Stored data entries
▼

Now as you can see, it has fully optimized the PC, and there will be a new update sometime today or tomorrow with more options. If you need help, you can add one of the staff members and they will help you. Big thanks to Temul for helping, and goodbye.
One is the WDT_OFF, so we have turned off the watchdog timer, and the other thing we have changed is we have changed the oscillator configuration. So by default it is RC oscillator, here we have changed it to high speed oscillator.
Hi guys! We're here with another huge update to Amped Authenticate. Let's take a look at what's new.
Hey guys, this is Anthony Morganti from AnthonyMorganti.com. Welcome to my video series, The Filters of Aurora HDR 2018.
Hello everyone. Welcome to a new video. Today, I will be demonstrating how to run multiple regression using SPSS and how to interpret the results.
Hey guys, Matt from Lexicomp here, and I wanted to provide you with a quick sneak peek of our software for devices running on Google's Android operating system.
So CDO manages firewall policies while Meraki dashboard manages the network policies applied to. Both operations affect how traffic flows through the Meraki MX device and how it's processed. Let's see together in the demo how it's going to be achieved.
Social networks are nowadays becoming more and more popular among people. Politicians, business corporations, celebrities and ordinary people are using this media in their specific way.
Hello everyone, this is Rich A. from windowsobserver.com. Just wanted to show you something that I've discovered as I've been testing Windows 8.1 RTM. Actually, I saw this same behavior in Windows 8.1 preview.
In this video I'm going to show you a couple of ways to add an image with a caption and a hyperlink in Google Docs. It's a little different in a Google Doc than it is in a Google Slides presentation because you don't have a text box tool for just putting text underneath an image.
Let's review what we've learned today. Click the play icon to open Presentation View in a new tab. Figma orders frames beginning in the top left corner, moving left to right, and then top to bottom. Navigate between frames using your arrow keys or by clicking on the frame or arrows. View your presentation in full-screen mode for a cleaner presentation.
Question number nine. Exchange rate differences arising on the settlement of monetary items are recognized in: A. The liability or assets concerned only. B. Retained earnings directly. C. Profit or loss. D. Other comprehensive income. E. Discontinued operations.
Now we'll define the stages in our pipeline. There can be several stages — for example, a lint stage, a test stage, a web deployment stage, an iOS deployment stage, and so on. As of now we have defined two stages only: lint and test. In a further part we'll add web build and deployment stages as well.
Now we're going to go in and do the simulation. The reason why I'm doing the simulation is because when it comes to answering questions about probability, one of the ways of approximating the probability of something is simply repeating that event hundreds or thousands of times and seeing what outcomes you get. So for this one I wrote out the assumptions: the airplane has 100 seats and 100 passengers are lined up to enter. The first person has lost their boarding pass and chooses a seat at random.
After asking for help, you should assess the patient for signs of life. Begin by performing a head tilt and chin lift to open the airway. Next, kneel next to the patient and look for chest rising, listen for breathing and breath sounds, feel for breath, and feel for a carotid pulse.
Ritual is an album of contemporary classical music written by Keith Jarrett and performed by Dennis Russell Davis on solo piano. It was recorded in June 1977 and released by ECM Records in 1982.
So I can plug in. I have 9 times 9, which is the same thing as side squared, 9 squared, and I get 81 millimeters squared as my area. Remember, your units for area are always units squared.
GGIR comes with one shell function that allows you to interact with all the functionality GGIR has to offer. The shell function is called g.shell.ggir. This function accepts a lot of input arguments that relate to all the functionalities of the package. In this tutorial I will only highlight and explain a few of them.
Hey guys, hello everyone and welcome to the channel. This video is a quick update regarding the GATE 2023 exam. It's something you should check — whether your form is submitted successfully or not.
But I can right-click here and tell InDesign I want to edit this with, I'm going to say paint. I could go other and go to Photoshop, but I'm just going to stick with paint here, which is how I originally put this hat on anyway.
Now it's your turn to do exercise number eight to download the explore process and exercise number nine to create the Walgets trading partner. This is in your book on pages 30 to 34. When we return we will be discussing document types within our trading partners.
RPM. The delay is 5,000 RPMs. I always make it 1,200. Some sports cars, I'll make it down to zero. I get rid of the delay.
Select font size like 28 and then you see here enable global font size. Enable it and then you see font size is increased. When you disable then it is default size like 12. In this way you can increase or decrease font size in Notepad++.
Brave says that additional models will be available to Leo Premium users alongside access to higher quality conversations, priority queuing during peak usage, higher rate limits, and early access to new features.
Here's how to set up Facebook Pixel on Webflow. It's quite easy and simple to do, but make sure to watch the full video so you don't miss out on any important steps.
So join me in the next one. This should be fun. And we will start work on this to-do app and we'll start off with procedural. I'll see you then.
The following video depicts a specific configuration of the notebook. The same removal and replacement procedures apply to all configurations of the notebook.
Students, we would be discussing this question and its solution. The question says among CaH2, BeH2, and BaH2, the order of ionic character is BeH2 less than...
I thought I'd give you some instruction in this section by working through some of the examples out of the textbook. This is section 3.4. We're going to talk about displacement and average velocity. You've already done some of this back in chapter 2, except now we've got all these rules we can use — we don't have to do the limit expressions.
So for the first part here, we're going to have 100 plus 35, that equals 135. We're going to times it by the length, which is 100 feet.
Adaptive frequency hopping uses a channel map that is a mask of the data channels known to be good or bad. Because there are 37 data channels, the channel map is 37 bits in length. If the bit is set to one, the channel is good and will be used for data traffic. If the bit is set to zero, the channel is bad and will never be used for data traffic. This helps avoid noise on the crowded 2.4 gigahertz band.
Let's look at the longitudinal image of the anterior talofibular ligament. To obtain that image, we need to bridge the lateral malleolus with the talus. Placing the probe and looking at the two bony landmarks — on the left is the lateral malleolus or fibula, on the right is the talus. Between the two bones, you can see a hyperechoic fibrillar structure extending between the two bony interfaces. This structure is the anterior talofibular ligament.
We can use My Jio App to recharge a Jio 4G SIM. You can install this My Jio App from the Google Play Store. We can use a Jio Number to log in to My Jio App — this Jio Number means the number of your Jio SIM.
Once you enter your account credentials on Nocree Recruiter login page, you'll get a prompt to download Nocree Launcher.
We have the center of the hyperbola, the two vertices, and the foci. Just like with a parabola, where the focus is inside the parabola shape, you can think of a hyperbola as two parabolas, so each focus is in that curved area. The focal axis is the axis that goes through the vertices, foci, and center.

▲

Would you set down, word for word, the lines from the opening of the entries above through the line with "Hey guys, this", both included, and no others?

[WRITTEN RESPONSE]
Now as you can see, it has fully optimized the PC, and there will be a new update sometime today or tomorrow with more options. If you need help, you can add one of the staff members and they will help you. Big thanks to Temul for helping, and goodbye.
One is the WDT_OFF, so we have turned off the watchdog timer, and the other thing we have changed is we have changed the oscillator configuration. So by default it is RC oscillator, here we have changed it to high speed oscillator.
Hi guys! We're here with another huge update to Amped Authenticate. Let's take a look at what's new.
Hey guys, this is Anthony Morganti from AnthonyMorganti.com. Welcome to my video series, The Filters of Aurora HDR 2018.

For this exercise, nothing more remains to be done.